La festa di San Giuseppe ha un ricordo antico, la benedizione di piccoli pani portati come devozione in Chiesa al mattino da fornai e casalinghe, panini bitorzoluti che vengono spezzettati e offerti a tutti i fedeli e quelli in rimanenza regalati alle famiglie, con un occhio di riguardo agli ammalati, cosi da renderli partecipi alla comunione nel sacro rito del pane benedetto. Ma quello che si aspettava sicuramente era il pranzo: a tavola la mamma portava la pasta con la mollica di pane fritta sopra, papà la preferiva asciutta, mentre noi bambini, e in seguito anche da adulti, la chiedevamo condiva con sugo di carne. La mollica di pane raffermo condiva di solito una pasta particolare chiamata Mafaldina, un formato di pasta lunga con ricci laterali. In seguito ho scoperto perché si adoperava questo tipo di pasta; l’arricciatura laterale di questa stretta lasagna, permette di contenere la mollica di pane, senza che questa si riversi nel piatto. Alcuni alla mollica di pane aggiungono anche uva sultanina oppure acciughe fritte, ottima variante dal sapore unico e irripetibile. Per preparare una buona mollica è necessario un buon pane casereccio raffermo, dell’ottima polvere di peperone macinato fine e un superlativo olio extravergine di oliva. Un uso molto comune era quello di baciare le fette di pane che cadevano per terra, ripulirle e mangiarle, come era considerato cattivo auspicio mettere il pane in tavola dalla parte lievitata, dove veniva incisa una croce che si apriva al calore del forno. Così la sacralità del pane trova giusto compenso nei riti che lo accomunano con San Giuseppe, padre e lavoratore. Nelle celebrazioni cosmiche della natura, il 19 marzo è a tutti gli effetti la vigilia dell’equinozio di primavera. Prima dell’avvento del cristianesimo si svolgevano i baccanali, i riti dionisiaci volti alla propiziazione della fertilità, caratterizzati da un’estrema licenziosità. Nel mese di marzo venivano svolti anche i riti di purificazione agraria. Tracce del legame con questo tipo di culti si ritrovano nella tradizione dei falò con i residui del raccolto dell’anno precedente, ancora diffusi in molte regioni.
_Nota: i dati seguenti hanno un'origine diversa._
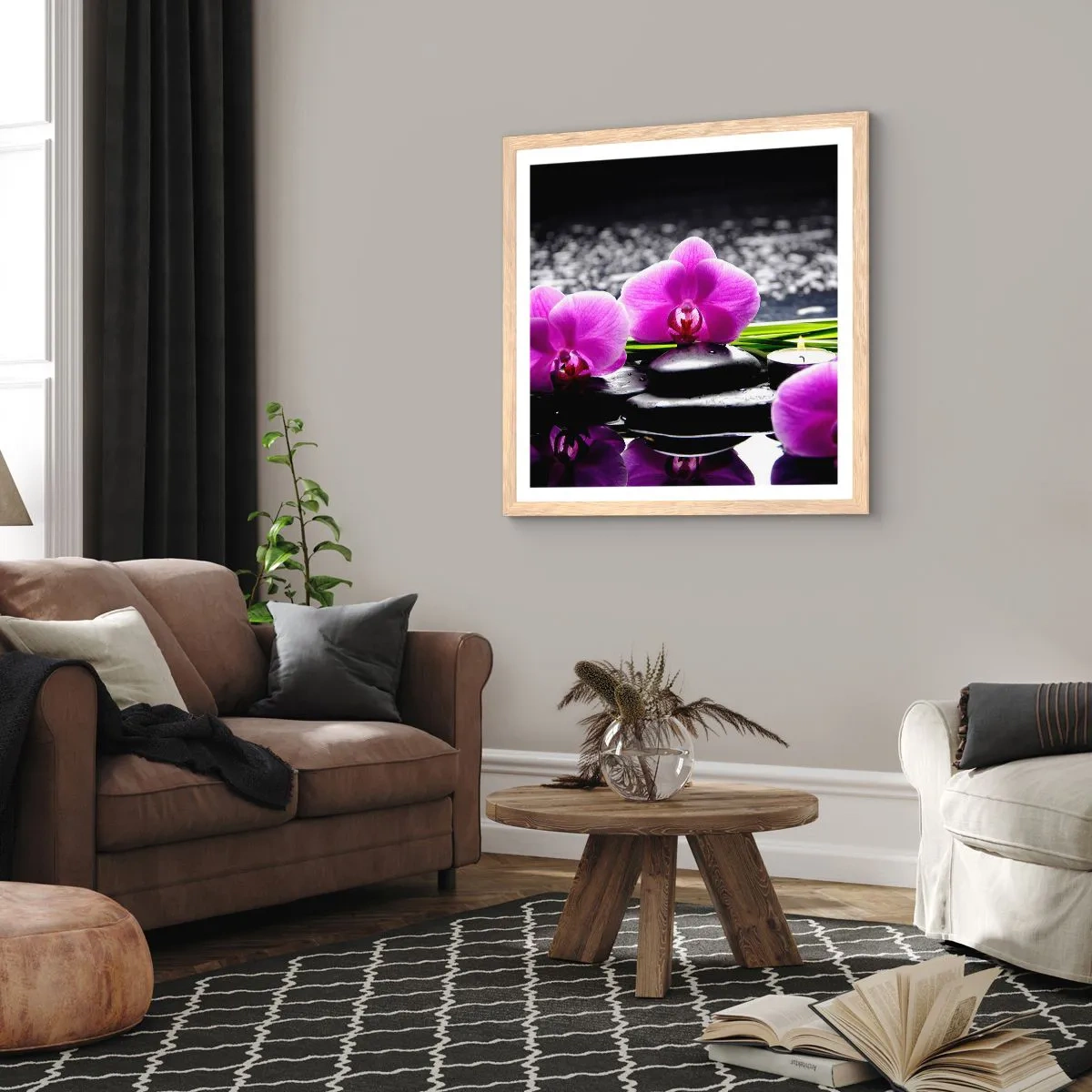 Een poster in een licht eiken lijst - Verdrinken in rust en stilte - 60x60 cm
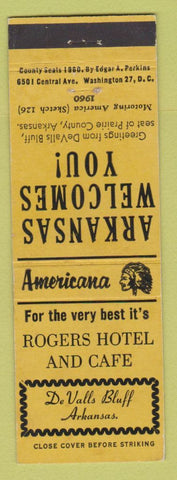 Matchbook Cover - Rogers Hotel Cafe DeVAlls Bluff AR Perkins Americana YELLOW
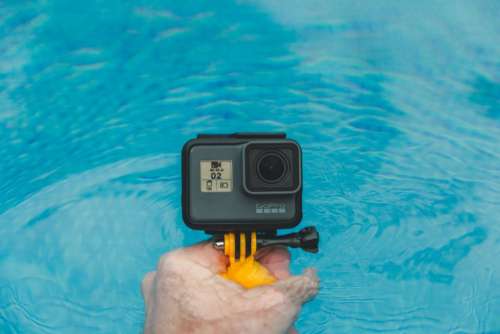 gopro camera photography hand swimming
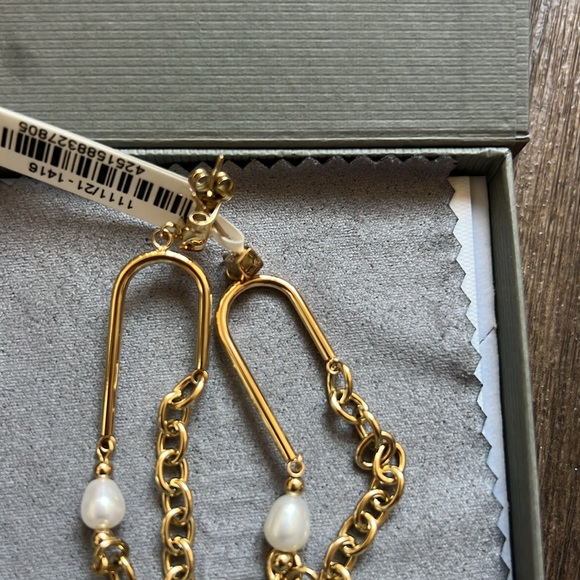 Earrings Chain & Pearl Fever white-gold - Picture 2 of 4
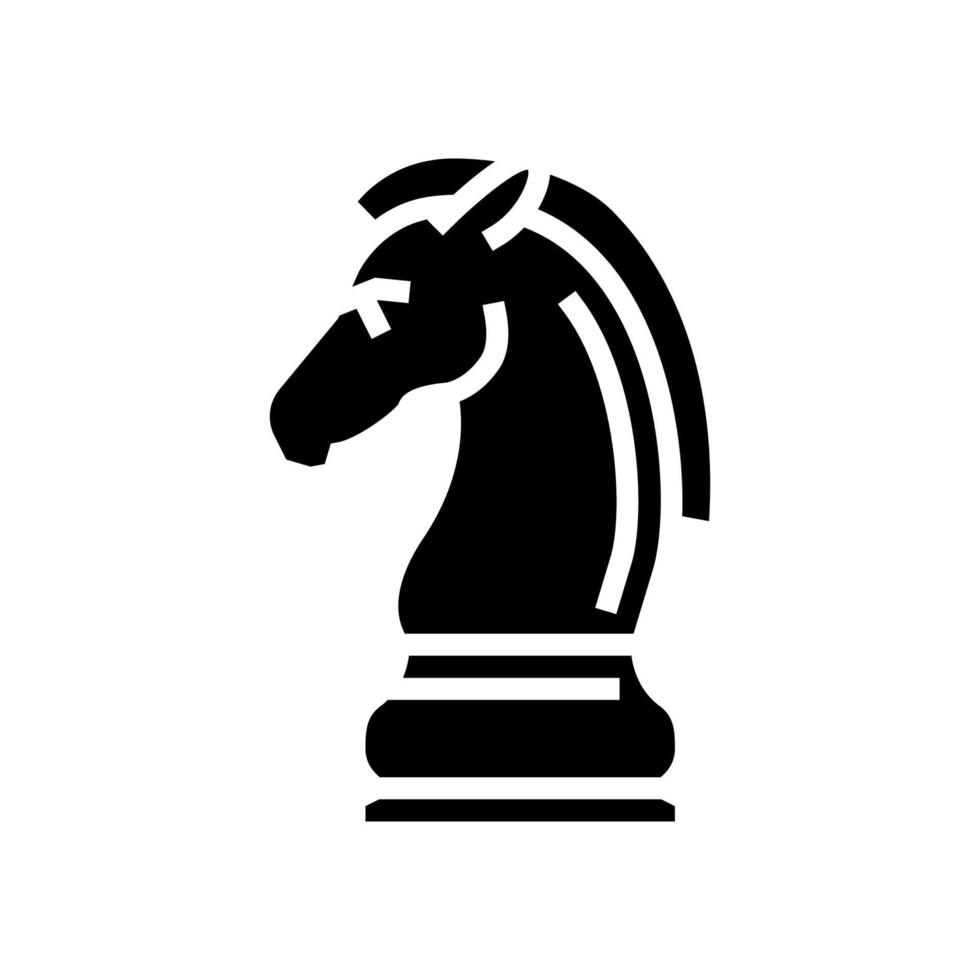 paard schaken glyph pictogram vectorillustratie vector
Il falò, per tradizione, fa parte dei riti silvestri pagani, che attraverso il rituale di purificazione e di consacrazione, volevano celebrare l'arrivo della primavera e invocare una buona annata per la raccolta nei campi. Su questa tradizione si è successivamente innestata la ricorrenza religiosa di San Giuseppe, fissata dal calendario della liturgia cristiana il 19 marzo. La chiesa, riappropriandosi del rito molto diffuso nelle comunità arcaiche, decise di festeggiare San Giuseppe, padre del Cristo Redentore. Cosi, secondo la tradizione, San Giuseppe, oltre ad essere il patrono dei falegnami e degli artigiani, è anche il protettore dei poveri, perché a Giuseppe e Maria partoriente, da poveri in fuga fu negato un riparo. Oltre al pane deposto sugli altari, benedetto e diviso in Chiesa e nelle case, elemento importante legato alla festa di San Giuseppe diventano i fuochi della purificazione, che simboleggiano la luce e il calore che accompagna e illumina la retta via da percorrere, in ricordo dell'evento biblico, della fuga della Sacra Famiglia da Erode.

Altre tradizioni attribuiscono l’origine di questi falò al fatto che San Giuseppe andasse casa per casa a Betlemme a chiedere un po’ di brace per riscaldare il Bambino Gesù. I falò e le tavole imbandite si ritrovano nei paesi devozionali, dove la festa è celebrata all’insegna degli elementi fondamentali del pellegrinaggio e dell’ospitalità; il padrone di casa serve i poveri seduti alla tavola benedetta in onore del banchetto di San Giuseppe.